Leonard Oakley

Personal information
- Full name: Leonard Oakley
- Born: 11 January 1916 Stourbridge, Worcestershire, England
- Died: 9 January 1974 (aged 57) Dudley, Worcestershire, England
- Batting: Left-handed
- Bowling: Slow left arm orthodox

Domestic team information
- 1935–1948: Worcestershire
- FC debut: 26 June 1935 Worcestershire v Middlesex
- Last FC: 18 June 1948 Worcestershire v Lancashire

Career statistics
| Competition | First-class |
| Matches | 8 |
| Runs scored | 43 |
| Batting average | 4.77 |
| 100s/50s | 0/0 |
| Top score | 11 |
| Balls bowled | 708 |
| Wickets | 12 |
| Bowling average | 32.75 |
| 5 wickets in innings | 1 |
| 10 wickets in match | 0 |
| Best bowling | 6/64 |
| Catches/stumpings | 2/– |
- Source: CricketArchive, 20 September 2007

= Leonard Oakley =

English cricketer

Leonard Oakley (11 January 1916 – 9 January 1974) was an English cricketer who played eight first-class games for Worcestershire County Cricket Club either side of the Second World War. A bowler, in 14 innings he never scored more than 11 runs.
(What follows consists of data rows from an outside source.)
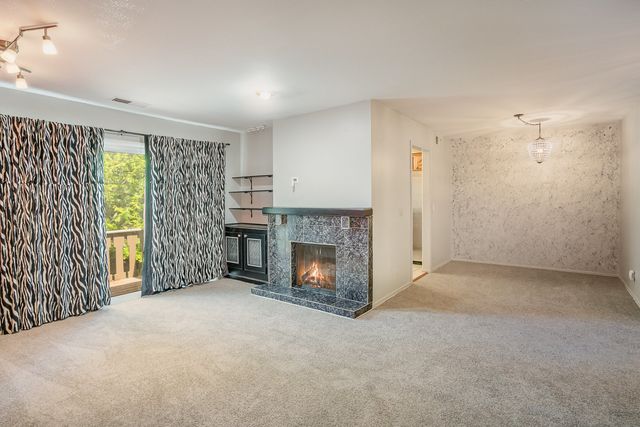 321 Woodbury Court D2, Schaumburg, IL 60193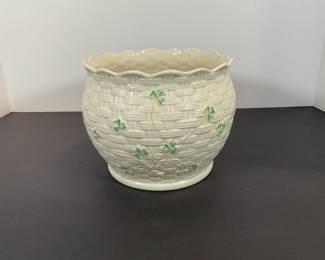 Belleek Porcelain Kylemore Planter 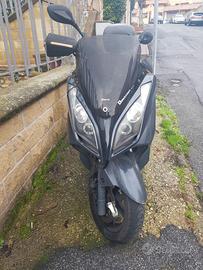 Kymco Downtown 300i - 2009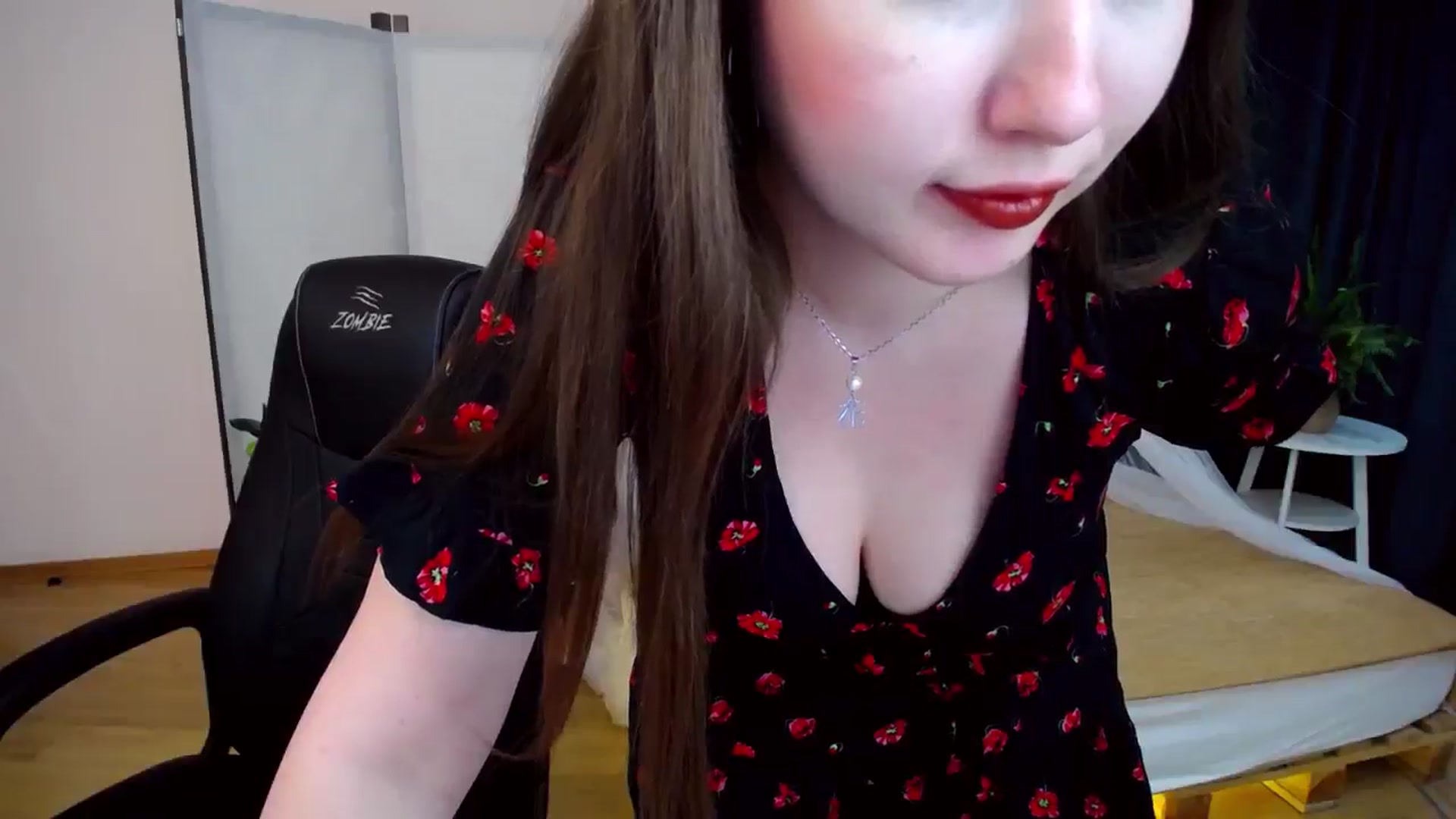 Gallery image thumbnail from AdmireMyEyes's myfreecams stream on, 10/06/2024, 22:38 image 20 of 20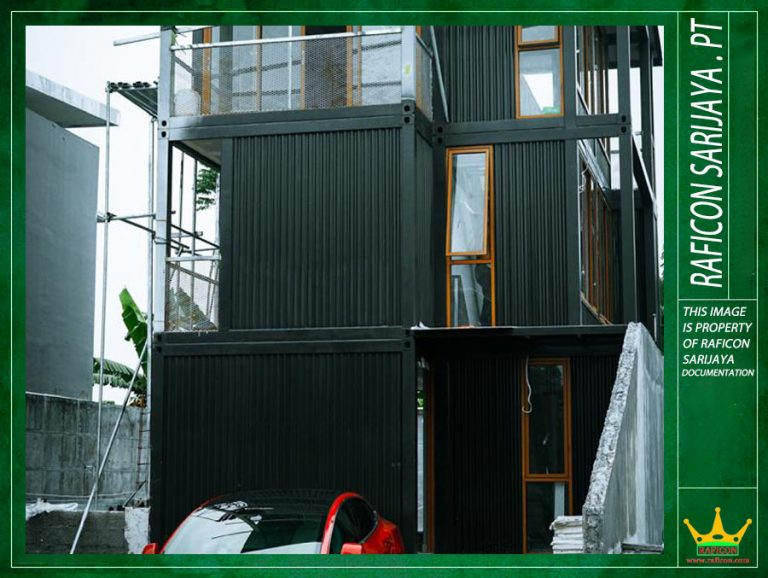 The-Green-Building-Container-Sandwich-House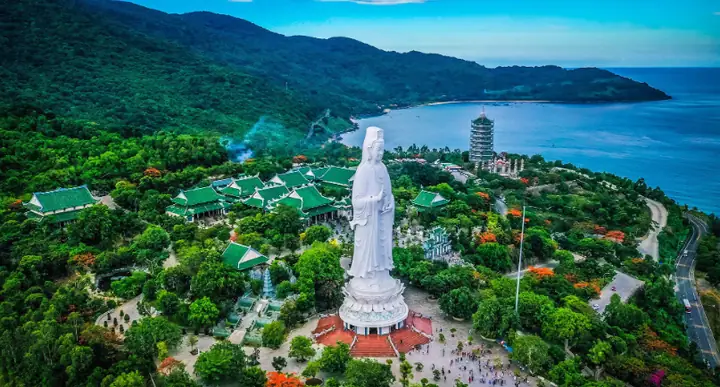 Khám Phá 10 Cây Cầu Biểu Tượng Của Đà Nẵng: Từ Cầu Rồng Đến Cầu Vàng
Oakley made his debut for Worcestershire against Middlesex at Worcester in late June 1935, taking the single wicket of Fred Price and scoring 6 and 0 from number ten. He played against Gloucestershire a few days later, taking one more wicket, and made two wicketless appearances in 1937, but those games comprised his entire remaining pre-war career.

He returned to first-class action with a bang in June 1946, taking eight wickets against the Royal Air Force in what was to prove the RAF's last first-class match. His first innings 2-18 and second-innings 6-64, which contributed largely towards his county's victory, were the only times he ever took more than two wickets in a first-class innings.
However, two subsequent County Championship games brought Oakley only one wicket in total, and he played no more for two years.

In June 1948, Oakley took 5–44 in each innings of a Second XI match against Glamorgan II,
and was recalled to the first team for the Championship match with Lancashire at Manchester a week later. However, he could manage only 1-71 from 17 overs, and he never played first-class cricket again.